# Natural and common logarithms inequalities?

• May 29th 2011, 11:57 AM
homeylova223
Natural and common logarithms inequalities?
I have two problems one is a common logarithm and the other is a natural logarithm.

1. Use natural logarithms to solve each inequality
x^(2/3) greater than to 27.6

(2/3) ln x greater than ln 27.6
And I am stuck right here because if I put ln(x) in my calculator
I get 2.3025 but If proceed with this I get the wrong answer.

2. This next problem I must solve using common logarithms

log x^(6) greater than 1 I am not sure how to start this one(Giggle)
• May 29th 2011, 12:13 PM
Quacky
Quote:

Originally Posted by homeylova223
I have two problems one is a common logarithm and the other is a natural logarithm.

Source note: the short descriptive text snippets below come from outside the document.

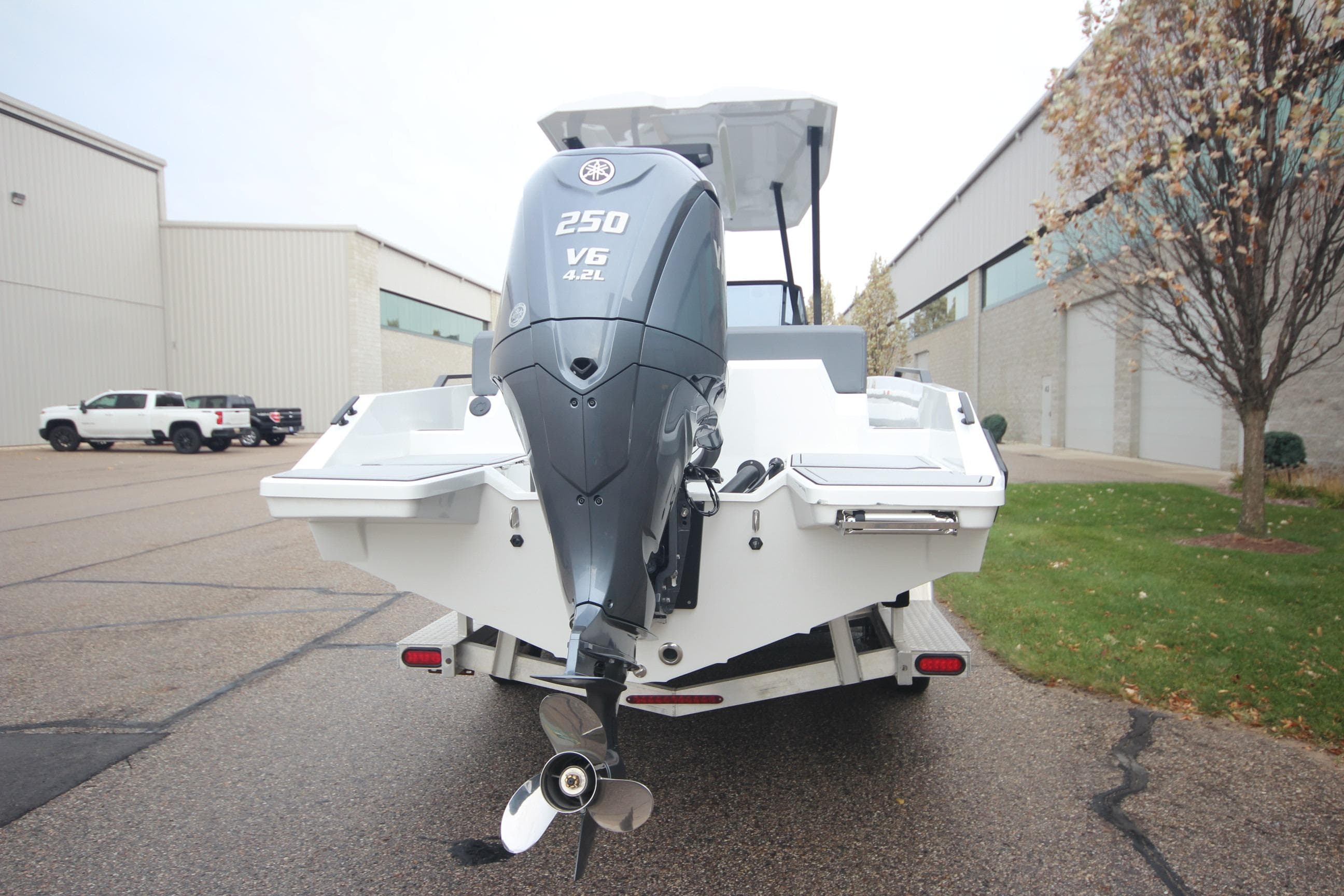 Rear view of Iron 767 boat with powerful V6 engine, parked outdoors.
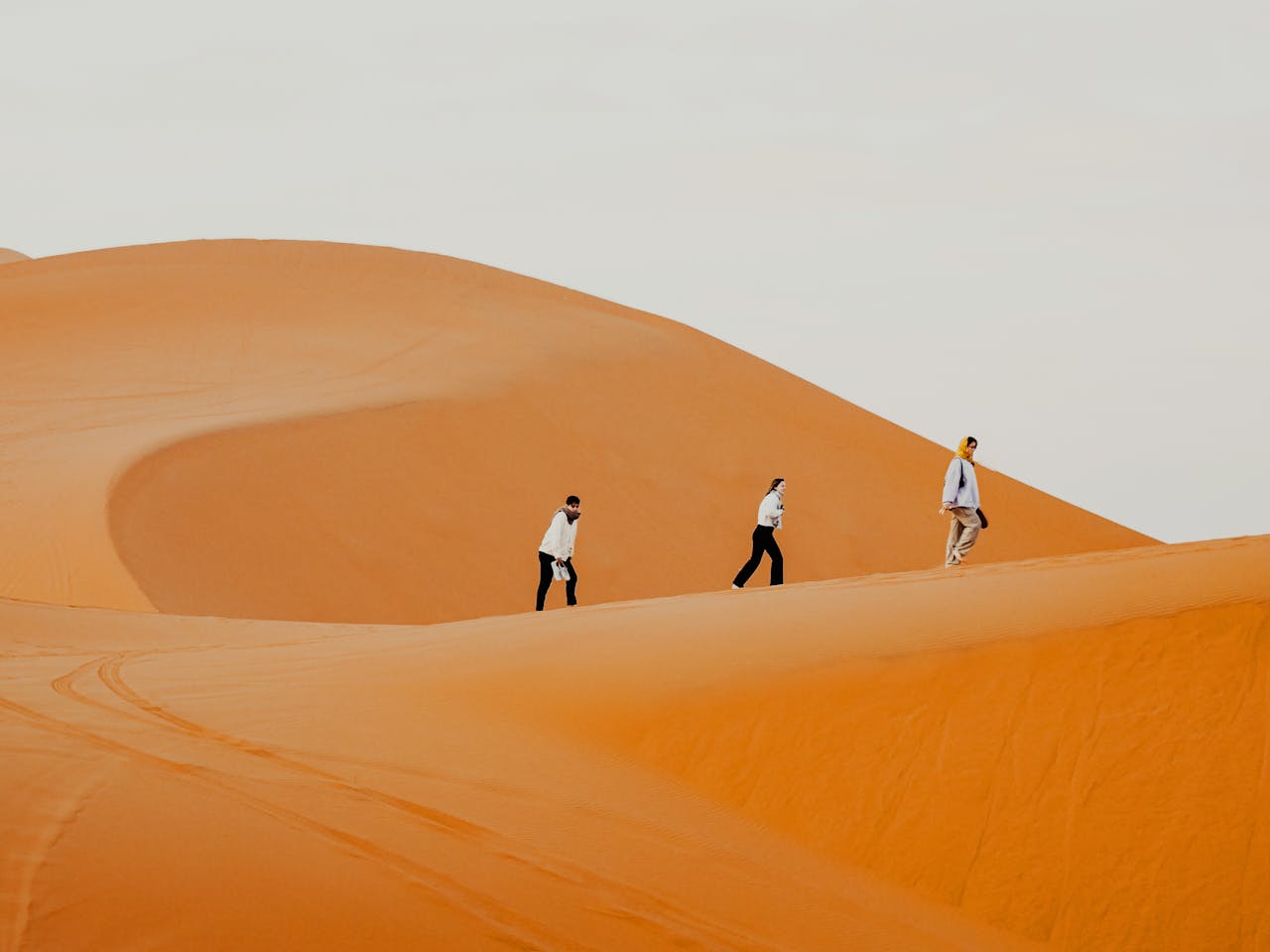 brand-01 Three individuals walking on the vast orange sand dunes in Marrakesh, Morocco
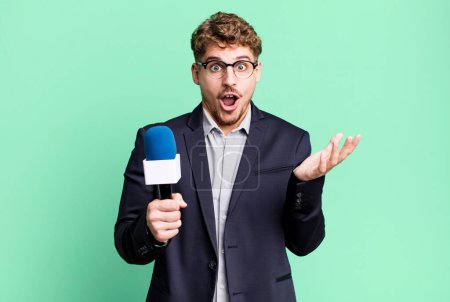 Foto de Young adult caucasian man feeling extremely shocked and surprised. journalist or presenter with a microphone - Imagen libre de derechos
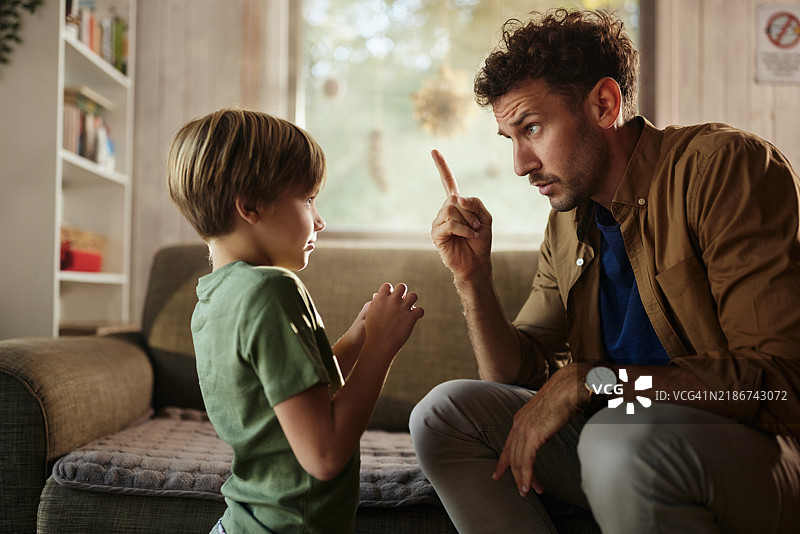 不满的单身父亲在家训斥他的儿子。图片素材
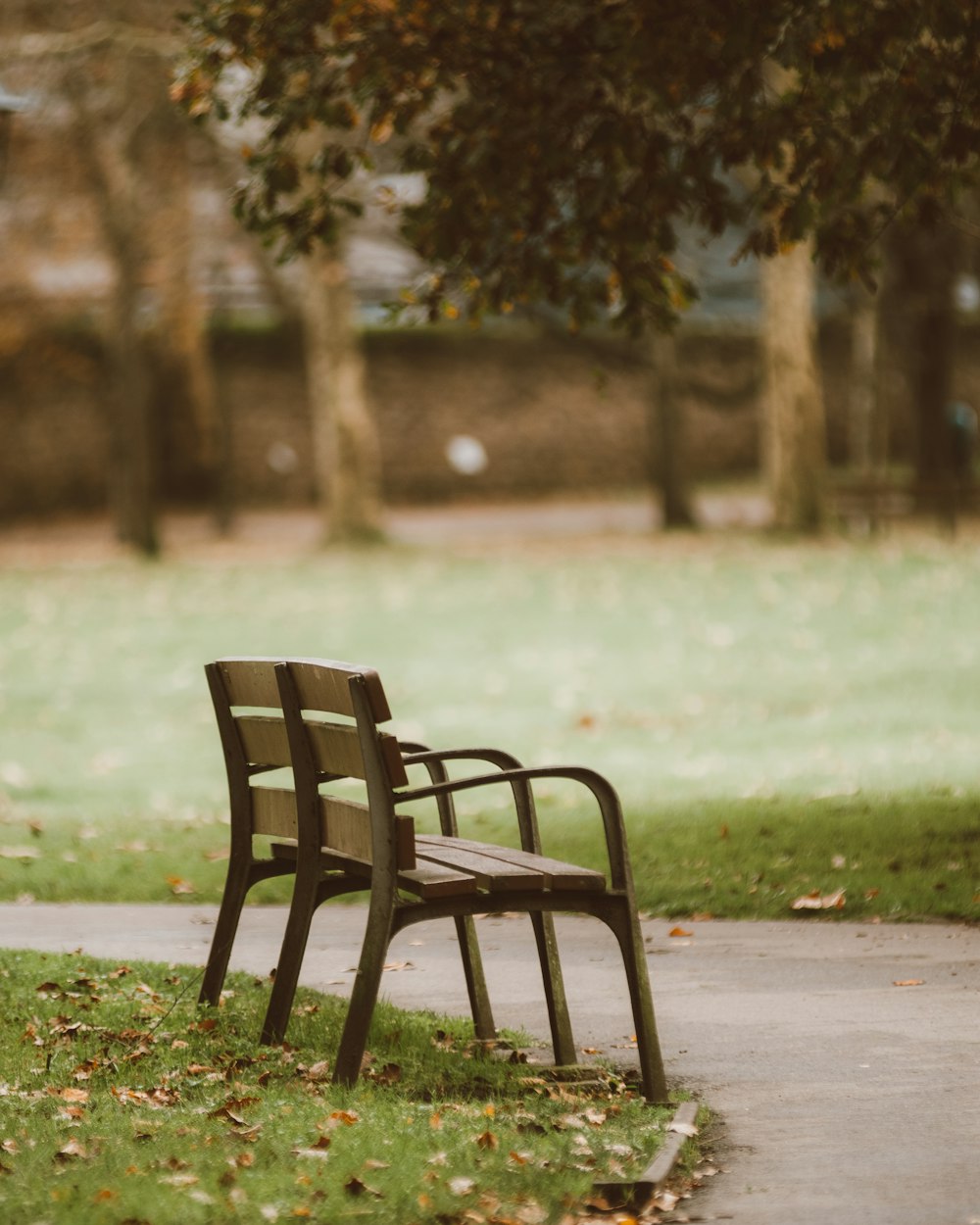 a park bench sitting on the side of a sidewalk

1. Use natural logarithms to solve each inequality
x^(2/3) greater than to 27.6

(2/3) ln x greater than ln 27.6
And I am stuck right here because if I put ln(x) in my calculator
I get 2.3025 but If proceed with this I get the wrong answer.

2. This next problem I must solve using common logarithms

log x^(6) greater than 1 I am not sure how to start this one(Giggle)

$\displaystyle x^{\frac{2}{3}}>27.6$
Take logs of both sides:

$\displaystyle \displaystyle Log(x^{\frac{2}{3}})>Log(27.6)$

$\displaystyle \frac{2}{3}Log(x)>Log(27.6)$

$\displaystyle Log(x)>\frac{3}{2}Log(27.6)$

$\displaystyle Log(x)>Log(27.6^{\frac{3}{2}})$

$\displaystyle x>27.6^{\frac{3}{2}}$

Try b) yourself - the method is similar!
• May 30th 2011, 09:19 AM
homeylova223
For my second problem would I do this

log x^(6) greater than 1
6 log x greater than log 1 (Then how would I proceed?)
• May 30th 2011, 09:28 AM
e^(i*pi)
Quote:

Originally Posted by homeylova223
For my second problem would I do this

log x^(6) greater than 1
6 log x greater than log 1 (Then how would I proceed?)

The original version of the question (in the OP) states that $\displaystyle \log(x^6) > 1$. If this is the case you can use the basic definition of a logarithm: $\displaystyle x = 10^{\log_{10}(x)}$
• May 30th 2011, 02:32 PM
homeylova223
Hmm I am still kind of confused on how to solve it?
• May 30th 2011, 02:39 PM
e^(i*pi)
$\displaystyle 10^{\log(x^6)} > 10^{1} \rightarrow x^6 > 10$
• May 30th 2011, 04:30 PM
Soroban
Hello, homeylova223!

Quote:

$\displaystyle \text{1. Use natural logarithms to solve the inequality: }\:x^{\frac{2}{3}} \:> \:27.6$

Take logs: .$\displaystyle \ln\left(x^{\frac{2}{3}}\right) \:>\:\ln(27.6)$

. . . . . . . . . .$\displaystyle \tfrac{2}{3}\ln(x) \:>\:\ln(27.6)$

. . . . . . . . . . . $\displaystyle \ln(x) \:>\:\tfrac{3}{2}\ln(27.6) \:=\:4.976723659$

. . . . . . . . . . . . . .$\displaystyle x \:>\:e^{4.976723659}$

. . . . . . . . . . . . . .$\displaystyle x \:>\:144.9985379$

Quote:

$\displaystyle \text{2. Solve using common logarithms: }\:\log(x^6)\: > \: 1$

We have: .$\displaystyle \log(x^6) \:>\:\log(10)$

. . . Then: . . . . $\displaystyle x^6 \:>\:10$

Therefore: . . . .$\displaystyle x \:>\:\sqrt[6]{10}$

. . . . . . . . . . . . $\displaystyle x \:>\:1.467799268$

• Jun 9th 2011, 11:12 AM
HallsofIvy
It is important to note that the logarithm, with any positive base, is an increasing function: if a> b then log(a)> log(b).